Свадьба должна была состояться через день. Родственники забегали по погребам, вытаскивая оставшиеся с зимы разносолы, кто-то поспешил в лавку за пополнением запасов, кто-то – договариваться со священником – невеста изъявила желание принять христианскую веру. Хозяйка дома, удерживая чувства при себе, умело руководила домочадцами. Пока суета набирала обороты, Панкрат с возлюбленной прошли в комнату, присели на лавку, стоявшую у стены.
– Айсет, я и моя семья тебя ничем не оскорбили? –
– Я приму все так, как решишь ты и твои близкие, – потупив глаза, покорно кивнула невеста. – Я люблю тебя, для меня это является главным.
– Я тоже люблю тебя, – привлекая ее к себе, заверил казак. – У нас все будет хорошо.
Немного подождав, он посадил суженую рядом с собой, заглянул в темные омуты ее зрачков.
– Я хочу, Айсет, чтобы ты была готова ко всему, потому что твой брат Муса поклялся вырезать весь наш род, он решил, что у него на это есть веские причины, – негромко объявил он, добавил, притихая в ожидании ответа: – Тебя он тоже записал в свои кровницы.

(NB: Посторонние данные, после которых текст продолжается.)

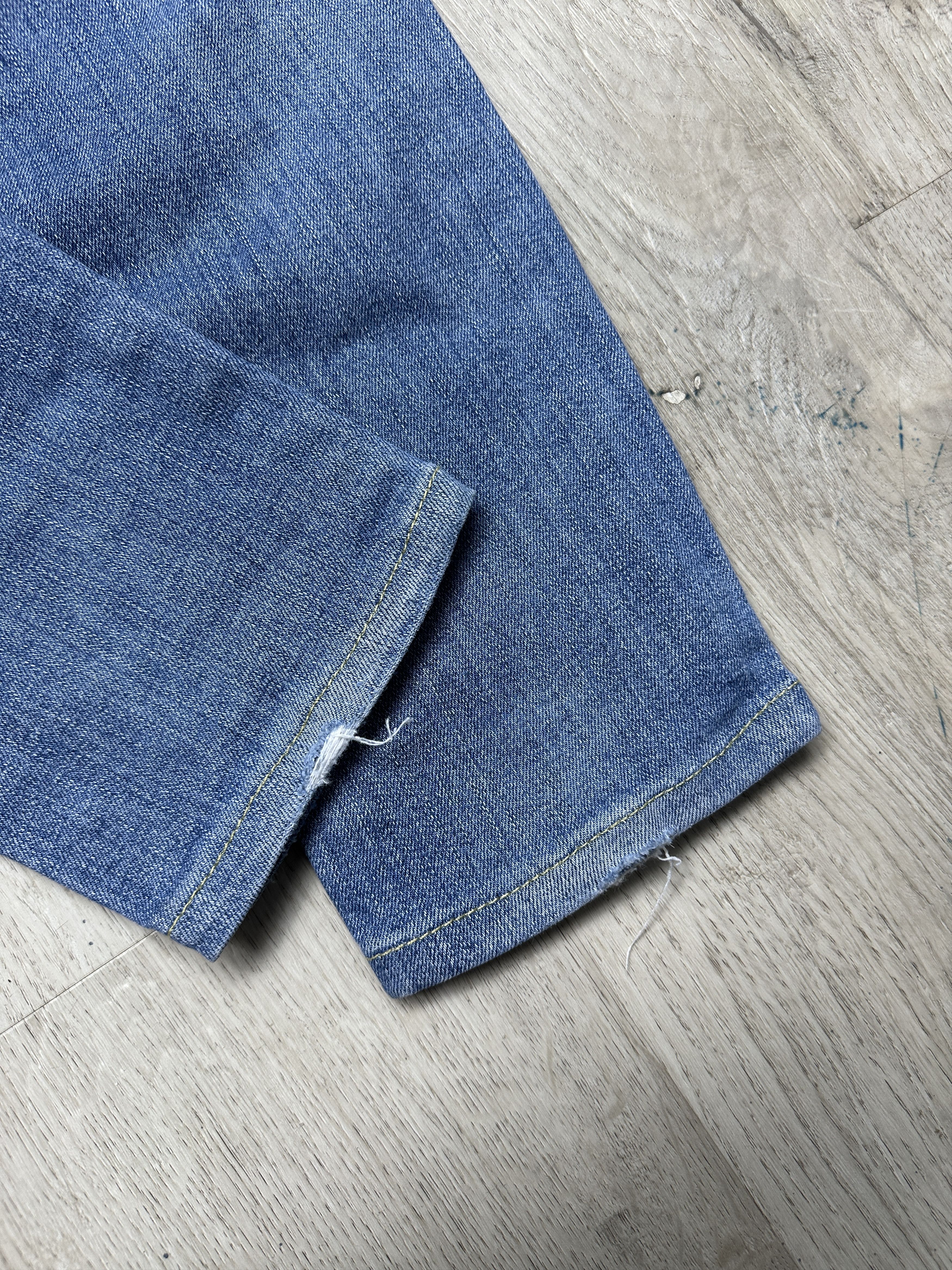 Represent Clo. Represent Mens Biker Denim Pants Jeans Size US 32 / EU 48 - 9 Thumbnail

– Я все знаю, любимый. Муса – мой старший брат, до последнего момента он был мне как отец, – еще ниже склоняя голову, едва слышно ответила Айсет.
– Если твой родственник придет к нам в дом, что ты станешь делать?

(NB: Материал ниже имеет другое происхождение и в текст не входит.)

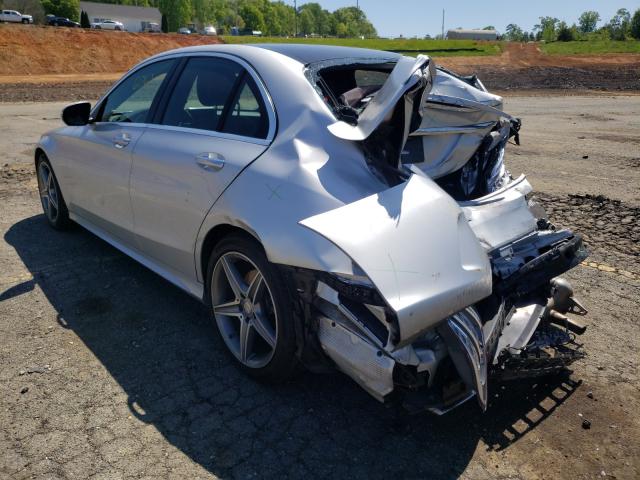 Photo 2 VIN: 55SWF4JB4FU051607 - MERCEDES-BENZ C 300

Панкрат решил выведать мысли возлюбленной, оброненная ею фраза, что она все знает, заостряла внимание на том, что девушка чего-то не договаривала. У водопада она обмолвилась о подслушанном ею разговоре между Мусой и его другом о какой-то кровной мести, но до конца тогда так и не раскрылась. В этот раз она вдруг сама твердо посмотрела ему в глаза.

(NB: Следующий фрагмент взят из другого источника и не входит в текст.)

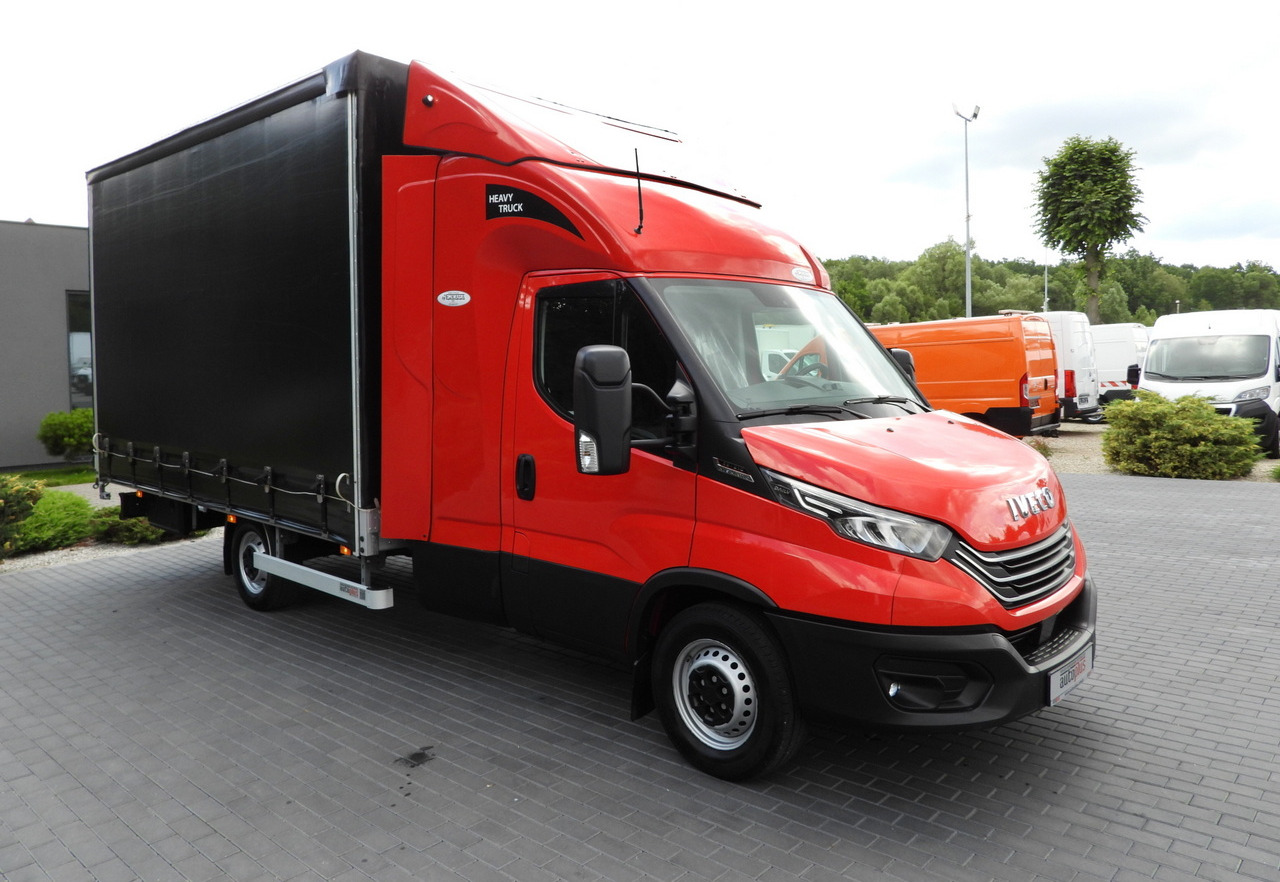 IVECO DAILY 35S21 TARPAULIN 10 PALLETS WEBASTO CRUISE CONTROL NAVIGATION LED LIGHTS PNEUMATICS AUTOMATIC TRANSMISSION HI-MATIC AIR CONDITIONING 210HP - Tent tarbesõiduk: pilt 4 IVECO DAILY 35S21 TARPAULIN 10 PALLETS WEBASTO CRUISE CONTROL NAVIGATION LED LIGHTS PNEUMATICS AUTOMATIC TRANSMISSION HI-MATIC AIR CONDITIONING 210HP - Tent tarbesõiduk: pilt 4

– Если мой ближайший родственник переступит порог этого дома, я приму смерть спокойно, но от своего решения не отступлюсь, – с внутренней убежденностью сказала она. – На правой стороне Терека есть много достойных джигитов, но ни один из них не сравнится с тобой, с моим избранником. Ты мужчина, и я тебя люблю.
Казак притянул невесту к себе, зарылся лицом в шелковистые волосы, которые волнами выпали из-под платка и расплескались по спине, едва заметно подрагивавшей. Он понимал, как трудно было Айсет принять это решение. Ведь она отрекалась не только от родственников, но и от всех своих соплеменников, от веры, начиная заново целую жизнь.
Впрочем, Панкрат и сам чувствовал, что ступил на неизведанную дорогу. Куда она приведет, зависело теперь только от них.
За предпраздничными хлопотами незаметно подкрался вечер, принесший домашним радостную усталость. Старики, тетки с дядьками, братья с сестрами разошлись по комнатам. А ночью, когда станица погрузилась в сон, тишину взорвали звуки выстрелов, они приближались по лугу со стороны одного из кордонов со скоростью конного вестового. В ответ с русского поста за окраиной ударил ружейный залп, и закружилась смертельная карусель, в которой трудно было уяснить, кто противник и что ему понадобилось. По освещенным луной улицам задробил топот копыт, лошади взвизгивали и несли неизвестных всадников вперед. Их было много, все они завывали дикими голосами.
Казаки выскакивали за ворота, лупили по темным силуэтам, стараясь угадать, кого из врагов занесло к ним на этот раз. По Тереку разбойничали не только чеченцы, но и дагестанцы, и до сих пор не укрощенные ногаи с черкесами, и просто банды абреков из разных племен.
К хате Даргановых подскакали десятка два верховых, они разом выстрелили по окнам, к ним добавился новый отряд конников, очередной гром прокатился по крышам куреней и ушел за раиновую посадку. Даргану стало ясно, по какому поводу затевался хоровод. Это главарь разбойников Муса решил исполнить клятву, данную им матери.